I added these quotes from the gospels and Acts because if you agree with Jesus that "If you have done it to the least of my brethren you have done it to Me" then you have to agree that everything WL did to the brethren he did to the Lord as well. I added the verse in Matt 5 because you might agree with the previous point but feel that "it is not that serious" as to rise to the level of a false teacher. Matt 5 makes it clear to me that the way we treat any saint can be as serious as hellfire and damnation.
I think that you are juxtaposing disparate ideas here. And I think that Unto is generally correct.

If doing something, or refraining from such, is to do it to the Lord or to refrain from doing it to the Lord, that is a matter of obedience. It is a matter of failing to do as commanded. That is very different from denying the Lord.

The former demonstrates our lack of faith (Lord, I believe, help me in my unbelief).

The latter concerns a misdirection to something other than Jesus. To deny the Lord.

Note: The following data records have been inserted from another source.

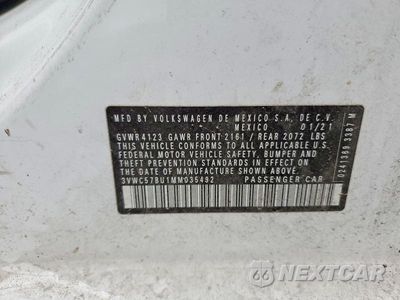 Zdjęcie 12 z 12 samochodu: 2021 VOLKSWAGEN JETTA S VIN:3VWC57BU1MM035492 - miniatura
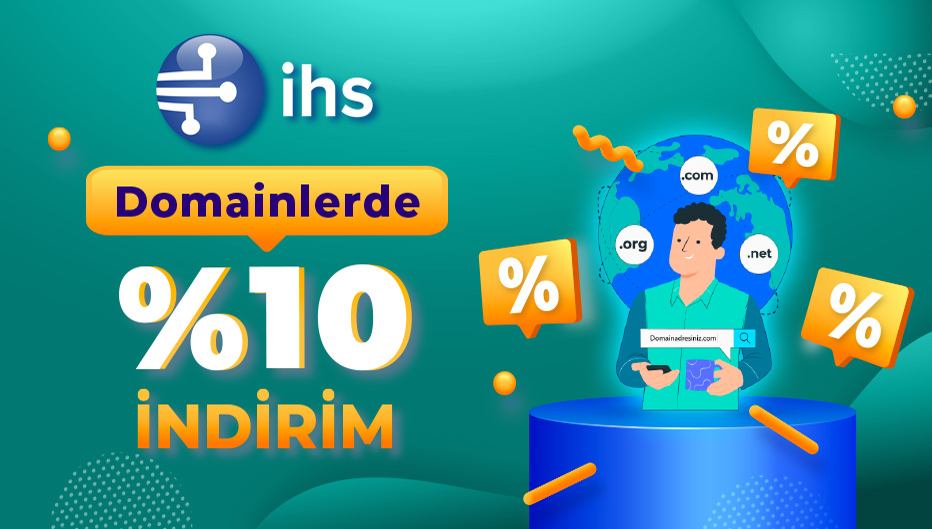 IHS Telekom'dan Tüm Öğrencilere Domainlerde %10 Bi'öğrenci İndirimi!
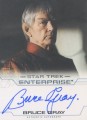Enterprise Season Four Trading Card Autograph Bruce Gray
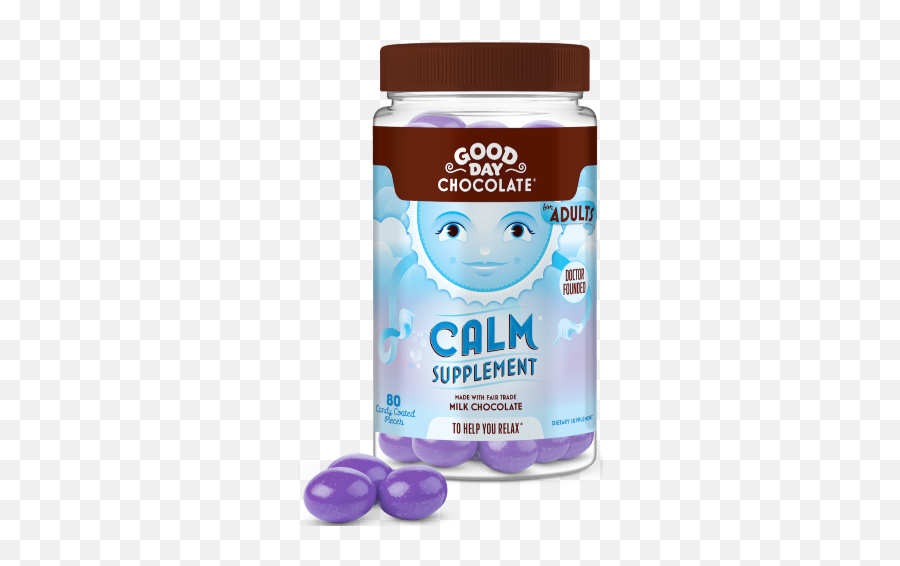 Calm Milk Chocolate Supplement - Good Day Chocolate Good Day Chocolate Calm Emoji,Love Your Emotions--but Don't Trade Them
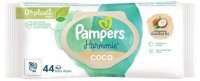Pampers Harmonie Coco, chusteczki nawilżane dla niemowląt, 44 sztuki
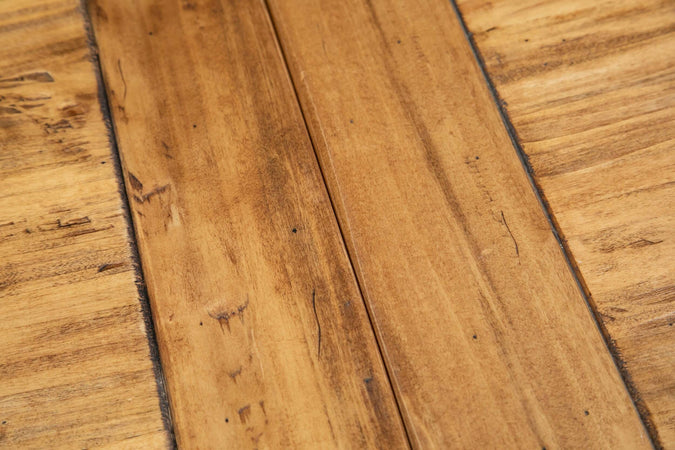 Biscottini-Tavolo-Country-allungabile-in-legno-massello-di-tiglio-struttura-grigio-anticato-piano-naturale-L120xPR80xH80-cm.-Made-in-Italy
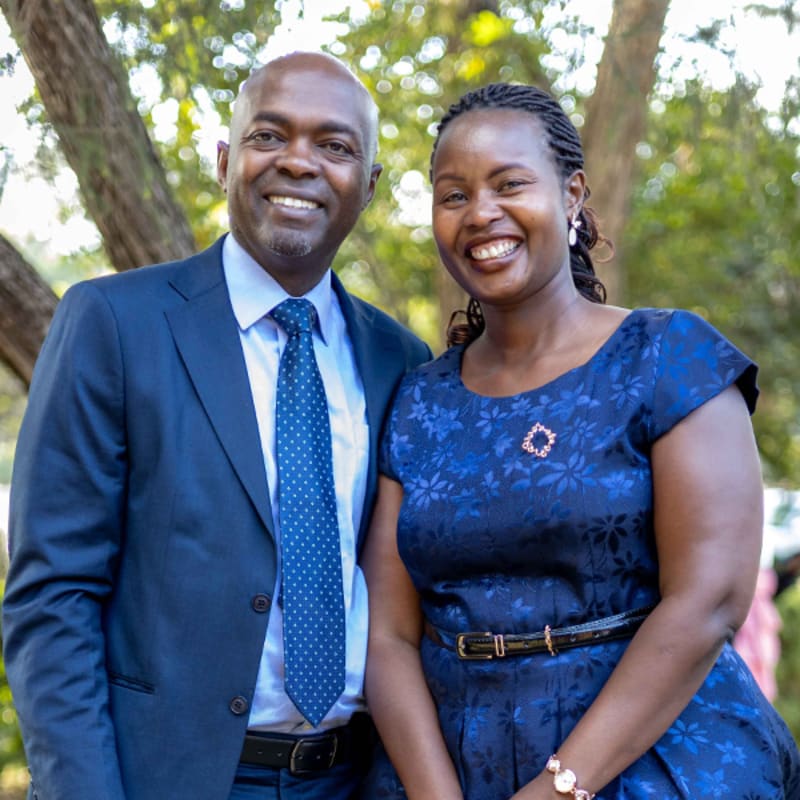 Alex and Monica Kiamba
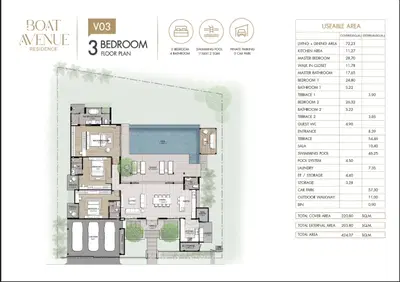 Boat Avenue Residence - 3BR Pool Villa - Type V03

If you are correct, then we are all in trouble because I assume that none of us have change available to give to every beggar on the street. If the bar is that high, do you feel you have the right to choose (or discern) which one God is calling you to help and which is to be left alone? It seems that your Matt 5 passage would suggest that you cannot know and therefore are constantly at risk for failing, and therefore denying the Lord (layering in your "deny the Lord" thinking).

Seems we have moved from one kind of extremist view to another. Everything must be so precise. Yet another barrier to oneness. The oneness of the Spirit is insufficient because we are now pointing fingers at those who fail to be entirely righteous all the time, therefore are denying the Lord (the One Lord).

Rather than just see through the added sacrament of the LRC's ground, we get a different "must" added-on.

I think that the reference (I think by Paul) to the simplicity of the gospel is too often missed. I am not saying that it is like some think just a ticket to streets of gold. But some of this new stuff that is created by sticking different things together as if there is no way to avoid it simply being true (even though nothing says it is) just goes way too far.

But the gospel really is simple. Believe in Christ. Obey. And at the top of obey is love God and love your neighbor as yourself. And the parable that helped describe "neighbor" should make it clear that neighbor is not just other believers because to a Jew a Samaritan was not a follower of the true God. Jesus used the example of an outsider being a neighbor to one of the chosen.

People like Lee come along to add more rules. It seems spiritual, but it is really burdens that even they cannot bear.

Seems that this linking of Matt 5 to denying the Lord is yet another burden that no one can bear. And it is not written in that manner. I don't think you are trying to do that. Your purpose is sound find the problems with Lee and/or Nee. But the consequences seem (to me) to go way beyond that and add a complication to the gospel that is not really there.